Without enough red blood cells, your body can't get enough oxygen, causing fatigue.
· Episodes of pain. Periodic episodes of pain, called pain crises, are a major symptom of sickle cell anemia. Pain develops when sickle-shaped red blood cells block blood flow through tiny blood vessels to your chest, abdomen and joints. Pain can also occur in your bones.
The pain varies in intensity and can last for a few hours to a few weeks. Some people have only a few pain crises a year. Others have a dozen or more pain crises a year. A severe pain crisis requires a hospital stay.
Some adolescents and adults with sickle cell anemia also have chronic pain, which can result from bone and joint damage, ulcers, and other causes.
· Swelling of hands and feet. The swelling is caused by sickle-shaped red blood cells blocking blood flow to the hands and feet.
· Frequent infections. Sickle cells can damage your spleen, leaving you more vulnerable to infections. Doctors commonly give infants and children with sickle cell anemia vaccinations and antibiotics to prevent potentially life-threatening infections, such as pneumonia.
· Delayed growth or puberty. Red blood cells provide your body with the oxygen and nutrients needed for growth. A shortage of healthy red blood cells can slow growth in infants and children and delay puberty in teenagers.

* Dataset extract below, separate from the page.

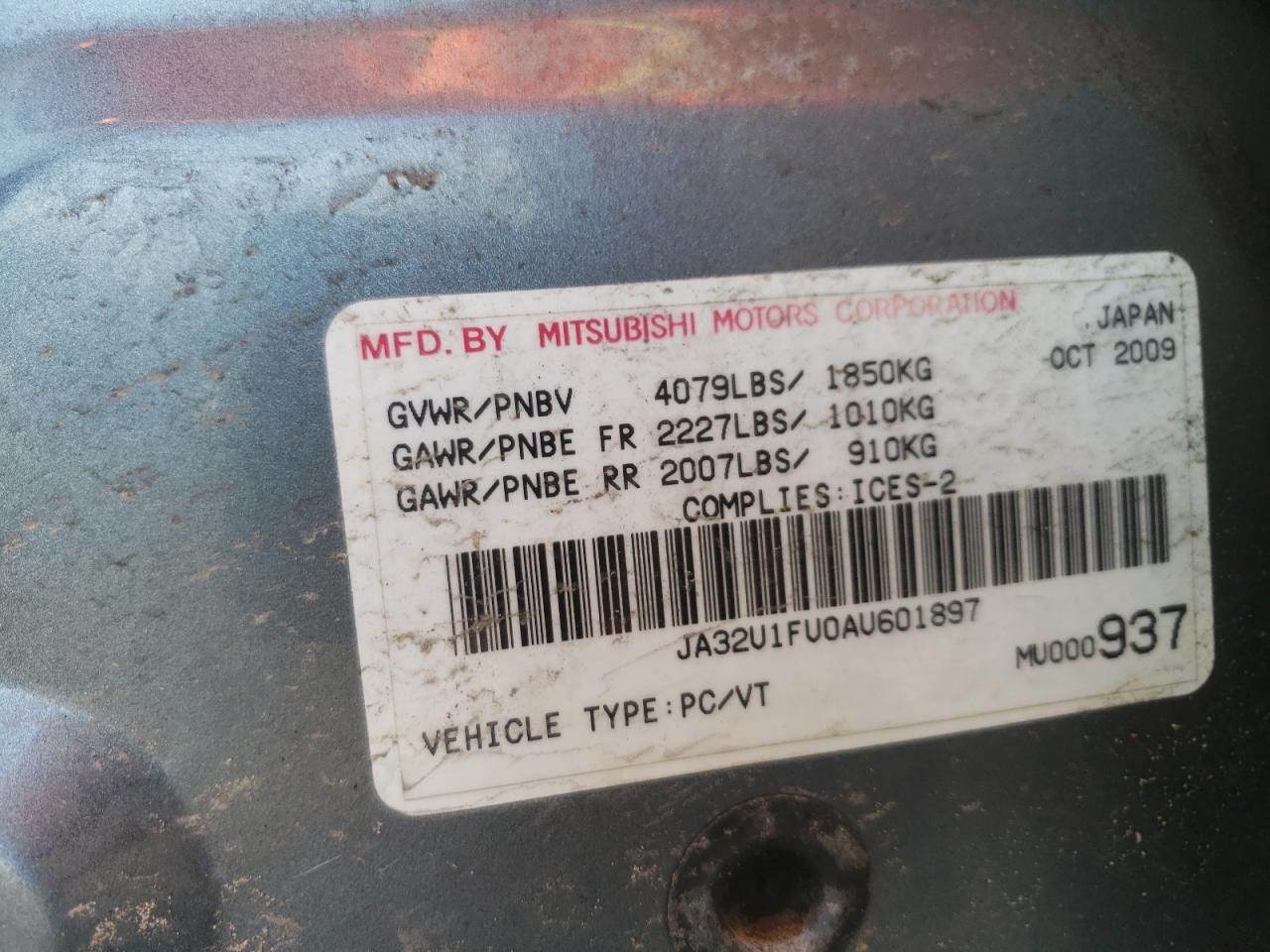 Photo 10 from auction – 2010 MITSUBISHI LANCER DE with VIN JA32U1FU0AU601897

· Vision problems. Tiny blood vessels that supply your eyes can become plugged with sickle cells. This can damage the retina — the portion of the eye that processes visual images — and lead to vision problems.
CAUSES
Mutations in the HBB gene cause sickle cell disease.
Hemoglobin consists of four protein subunits, typically, two subunits called alpha-globin and two subunits called beta-globin. The HBB gene provides instructions for making beta-globin. Various versions of beta-globin result from different mutations in the HBB gene. One particular HBB gene mutation produces an abnormal version of beta-globin known as hemoglobin S (HbS). Other mutations in the HBB gene lead to additional abnormal versions of beta-globin such as hemoglobin C (HbC) and hemoglobin E (HbE). HBB gene mutations can also result in an unusually low level of beta-globin; this abnormality is called beta thalassemia.
In people with sickle cell disease, at least one of the beta-globin subunits in hemoglobin is replaced with hemoglobin S. In sickle cell anemia, which is a common form of sickle cell disease, hemoglobin S replaces both beta-globin subunits in hemoglobin. In other types of sickle cell disease, just one beta-globin subunit in hemoglobin is replaced with hemoglobin S. The other beta-globin subunit is replaced with a different abnormal variant, such as hemoglobin C. For example, people with sickle-hemoglobin C (HbSC) disease have hemoglobin molecules with hemoglobin S and hemoglobin C instead of beta-globin. If mutations that produce hemoglobin S and beta thalassemia occur together, individuals have hemoglobin S-beta thalassemia (HbSBetaThal) disease.
Abnormal versions of beta-globin can distort red blood cells into a sickle shape. The sickle-shaped red blood cells die prematurely, which can lead to anemia. Sometimes the inflexible, sickle-shaped cells get stuck in small blood vessels and can cause serious medical complications.